Thanks for any suggestions.
 
You can do that through the routers content filtering. For most, the content filter is found under 'firewall', 'basic rules' or 'content' and from there you'll be able to locate the URL content filer. Simply add the URLs to the content filter. This will block sites at the source.

You can also do this with OpenDNS. You and your client can probably learn enough of OpenDNS in a few minutes to do this, and as a side effect they'll significantly improve the overall security and quite possibly their reliability and speed. Alternatively, depending on the router they have, you could flash it with dd-wrt (or CeroWRT or tomato). This requires significantly more technical skill, but will result in a much more powerful tool. (and if their router doesn't support one of these, one can be bought that does for under $100).
 
If they want to leave that badly I probably wouldn't want them as employees.

Is the client concerned they are looking for a new job or that it's being done on company time?

Sent from my SM-G870W using Tapatalk
 
Content control is important, and you don't want to know how many employees, even happy ones, will waste buckets of time on job hunting websites while at work.

Personally, I prefer Untangle for this task, because if you're going to do content control you may as well go all the way and gain the best anti-malware defense possible right now. OpenDNS is a less expensive option, but it's not as easy to work with.
 
Check out dnsfilter.com as a cheaper (and less feature rich) alternative to open dns.

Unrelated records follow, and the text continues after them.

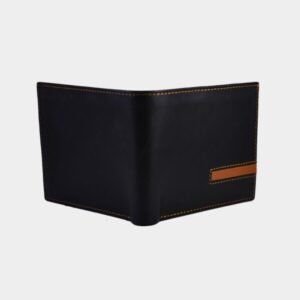 Bifold Leather Wallet Brown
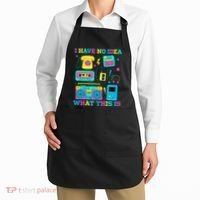I Have No Idea What This Is 70s 80s 90s Outfit Apron thumb 2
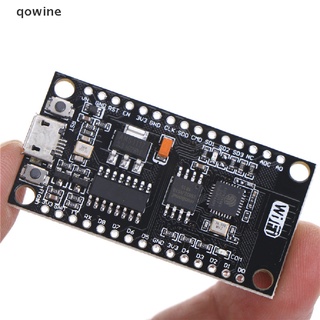 Qowine CH340G NodeMcu Wireless WIFI Module Connector Board Replace ESP-12E ESP8266 CL
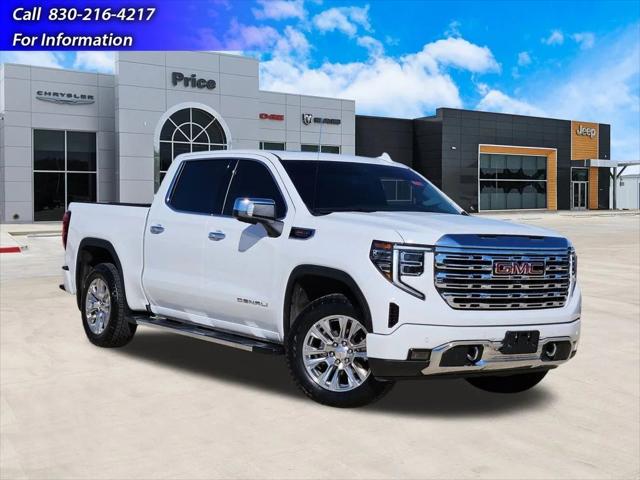 2023 GMC Sierra 1500 4WD Crew Cab Short Box Denali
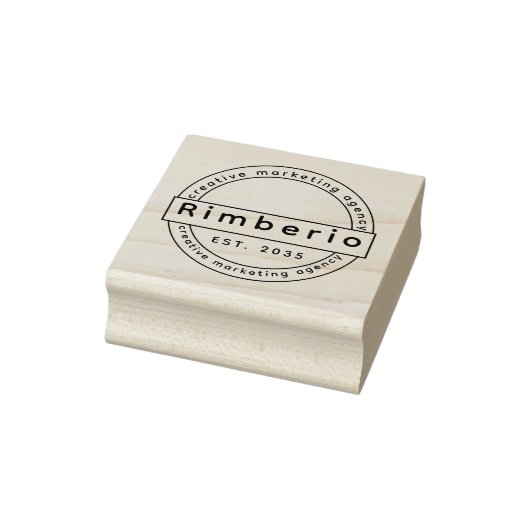 Douane zelfinkende rubber rubberstempel (Stempel)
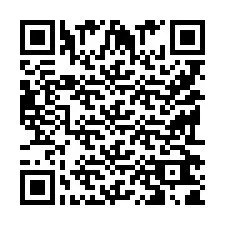 QR Code for Phone number +9519261826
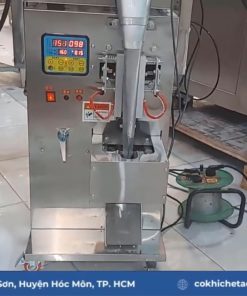Máy đóng gói cân định lượng túi 3 biên - chi tiết máy 3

I just took a peek, and unless they give MASSIVE discounts to resellers they're actually substantially more expensive than what I pay for OpenDNS.
 
I just took a peek, and unless they give MASSIVE discounts to resellers they're actually substantially more expensive than what I pay for OpenDNS.

Last I checked OpenDNS is over $2 per endpoint each month (unless you are a grandfathered plan). DNSFilter lets you choose per site filtering or per user. Per site is $5/month for up to 200K queries, or $1/month per each user.

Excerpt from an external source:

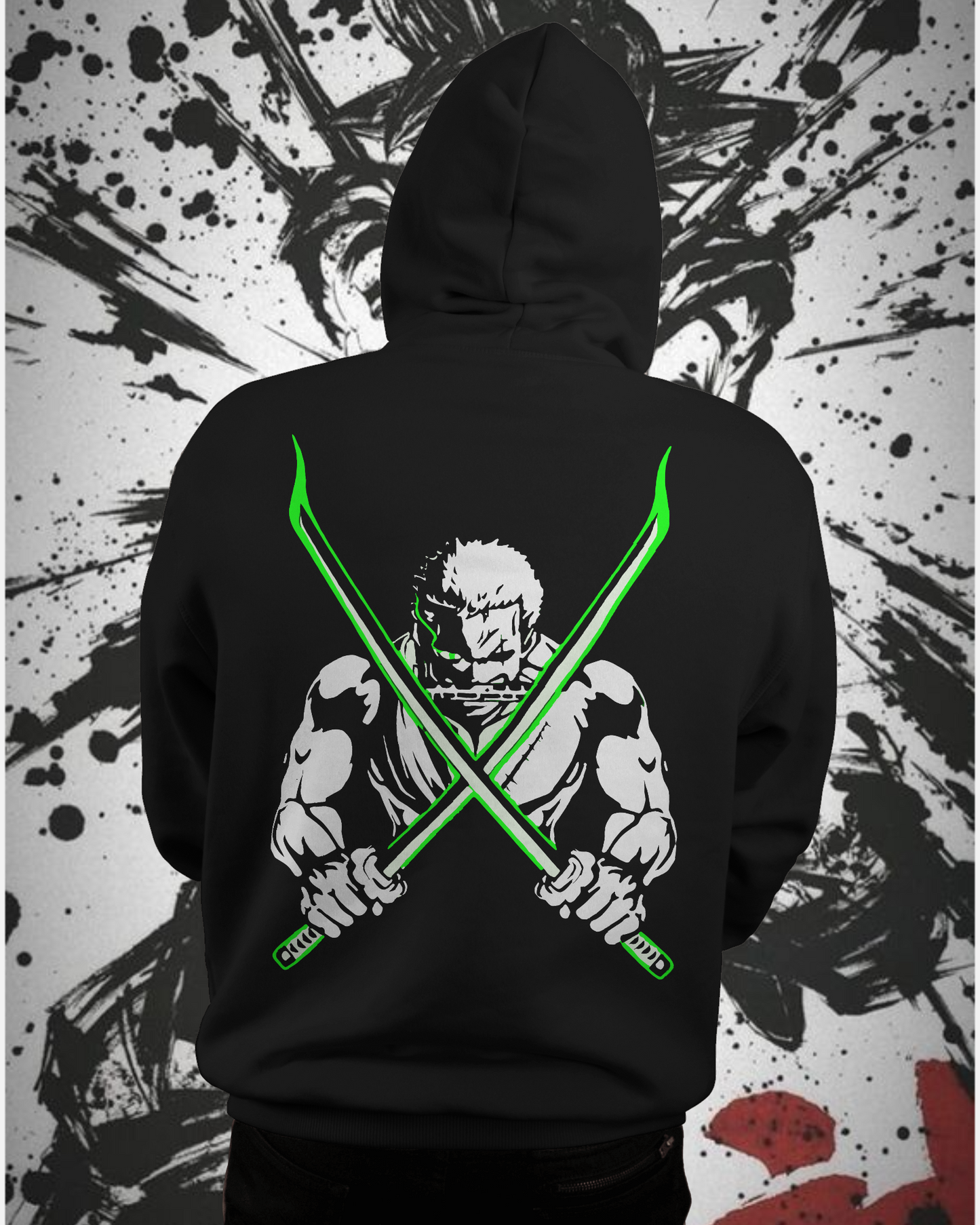 Unisex ZORO Hooded Sweatshirt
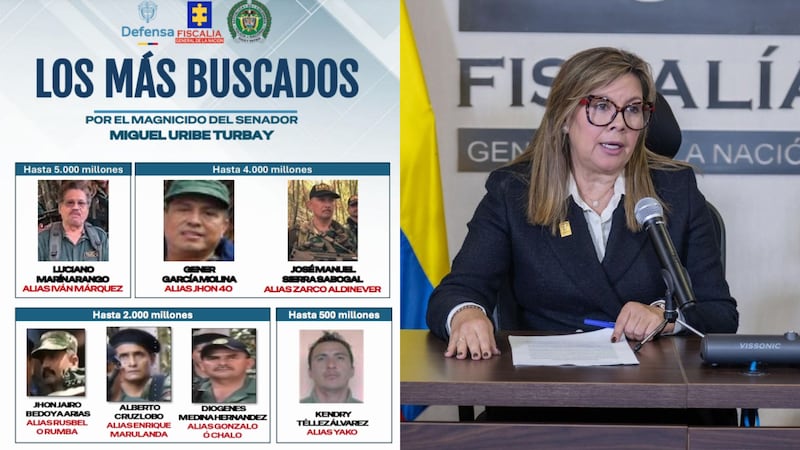 Lo último: Emiten orden de captura contra miembros de la Segunda Marquetalia por magnicidio de Miguel Uribe Turbay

Their feature set is not as good or mature as OpenDNS, and their endpoint agent is still in beta, but for good DNS and web filtering it is very good, especially for the price. They are somewhat new and have been making good progress on their roadmap.
 
Blocking job hunting is not a rare thing for businesses, as well as personal email, social media, shopping, vacation planning, etc. Shouldn't be a shock that business owners want to keep employees working, not slacking off.

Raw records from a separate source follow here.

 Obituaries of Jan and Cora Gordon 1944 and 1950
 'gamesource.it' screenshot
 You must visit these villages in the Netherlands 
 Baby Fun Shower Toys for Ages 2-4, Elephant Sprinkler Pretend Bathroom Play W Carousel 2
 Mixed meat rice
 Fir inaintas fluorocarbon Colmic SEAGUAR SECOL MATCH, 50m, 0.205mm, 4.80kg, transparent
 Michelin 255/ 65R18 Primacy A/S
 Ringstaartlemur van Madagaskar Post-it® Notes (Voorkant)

I prefer to get this done at the firewall level, the edge appliance, and for us..that''s Untangle.
 
Last I checked OpenDNS is over $2 per endpoint each month (unless you are a grandfathered plan). DNSFilter lets you choose per site filtering or per user. Per site is $5/month for up to 200K queries, or $1/month per each user.

Their feature set is not as good or mature as OpenDNS, and their endpoint agent is still in beta, but for good DNS and web filtering it is very good, especially for the price. They are somewhat new and have been making good progress on their roadmap.

Yeah the site isn't behaving the same now, now I see a user count of 32, one network costs $8.00 / month, $96 / year. OpenDNS for that site is about $500 a year. Not sure what my browser was doing to me, or what I did to get that screwed up.